Die kurze Einordnung einiger in der Bauwirtschaft anerkannter Zertifikate gibt einen guten Überblick.

Die Bedeutung von Nachhaltigkeits- und Qualitätszertifikaten

Wer heute eine neue Waschmaschine kauft, achtet automatisch auf das Energiezertifikat. In der Immobilienwirtschaft ist dies ähnlich. Nachhaltigkeits- und Qualitätszertifikate und Labels wie SNBS, Minergie, 2000-Watt-Areal oder auch DGNB, LEED and BREEAM schaffen bei Investoren, Eigentümern und Käufern Transparenz und messen den Erfüllungsgrad der gesetzten Ziele.

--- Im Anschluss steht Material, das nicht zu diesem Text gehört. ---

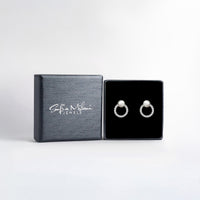 Boxansicht von Kreis Perlen Ohrstecker in 925 Silber von Sofia Milani - E2234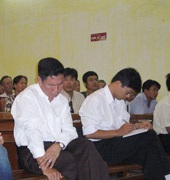 Dân la ó luật sư, phiên tòa liên tục gián đoạn - 1 Dân la ó luật sư, phiên tòa liên tục gián đoạn - 1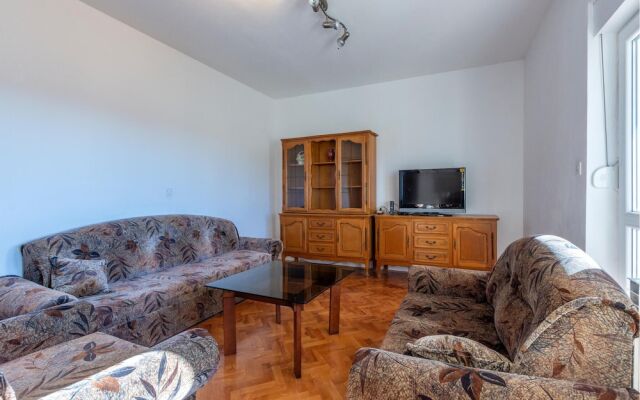 Nice Apartment in Kastel Luksic With 3 Bedrooms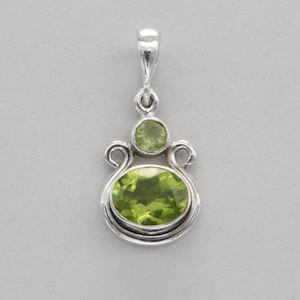 Faceted Green Oval PERIDOT Teardrop Pendant in 925 Sterling Silver - Genuine and Natural Gemstone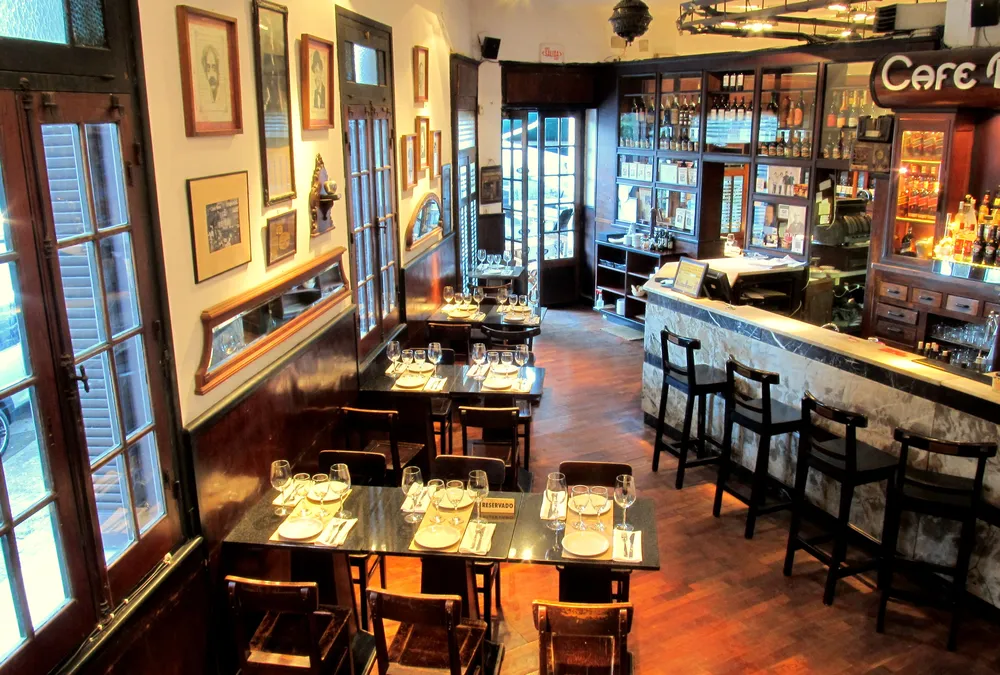 Salón principal, de ambientación histórica muy bien conservada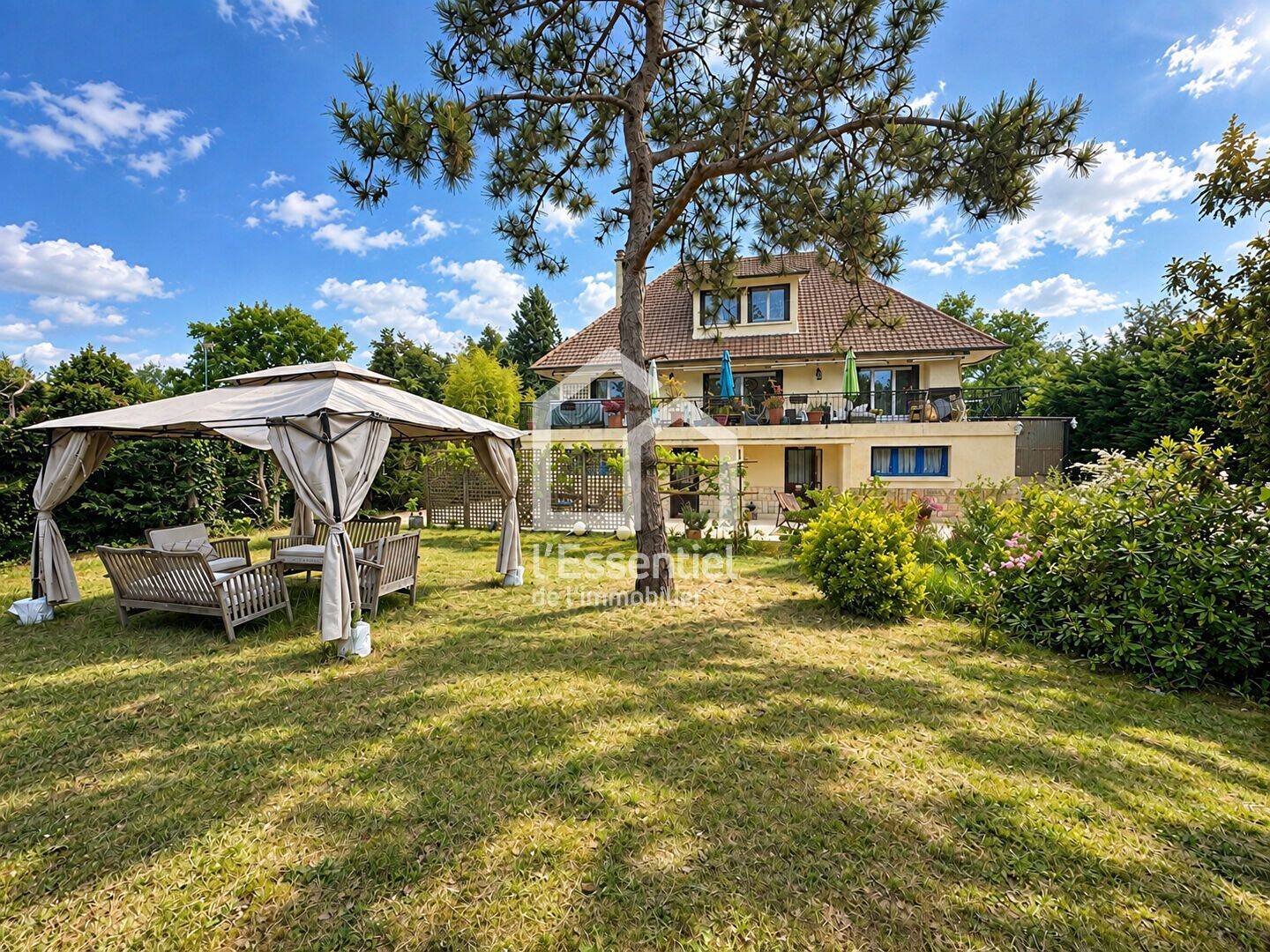 Maison 10 pièces 278 m² · à Verneuil-sur-Seine · 278 m² · 659 000 €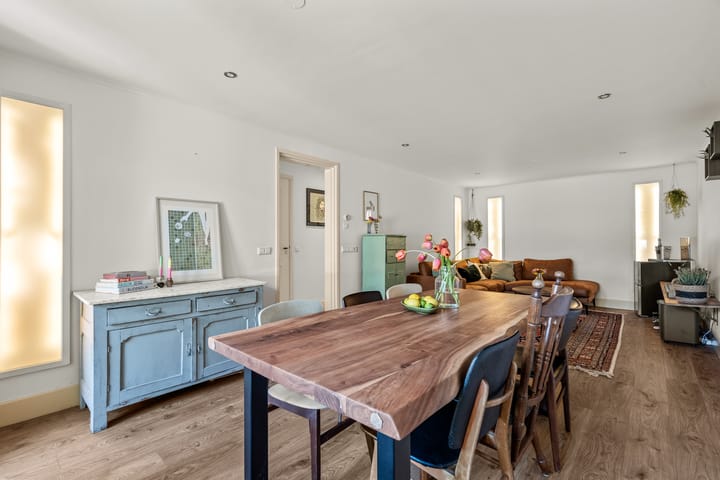 Foto 29 van Alexander Numankade 23-A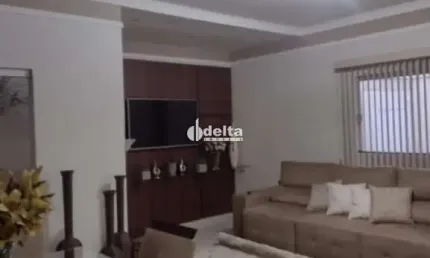 Casa disponível para venda no bairro Jardim Patrícia em Uberlândia MG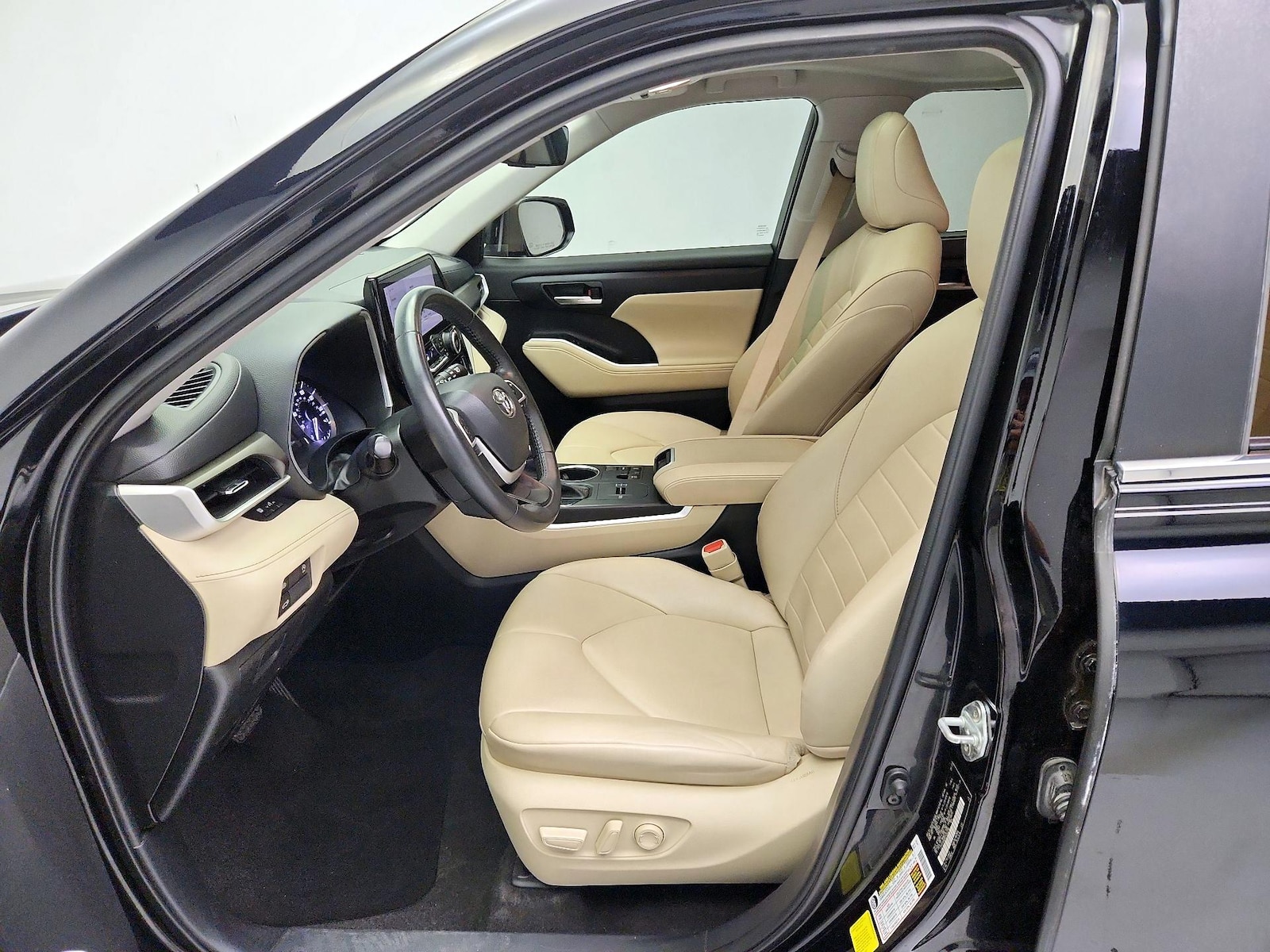 2023 Toyota Highlander 12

Wer eine neutrale Aussage über die Qualität eines Produktes, Sicherheitsanforderungen oder Umwelteigenschaften erhalten will, kommt an Zertifikaten, Qualitätslabels und Gütesiegeln nicht vorbei. Ob bei Lebensmitteln, Fahrzeugen, Technik, Internet, Gesundheit etc.: Schweiz- und weltweit werden Standards definiert, damit ein Käufer oder eine Käuferin ein Produkt einschätzen und einfacher zwischen Angeboten unterscheiden kann.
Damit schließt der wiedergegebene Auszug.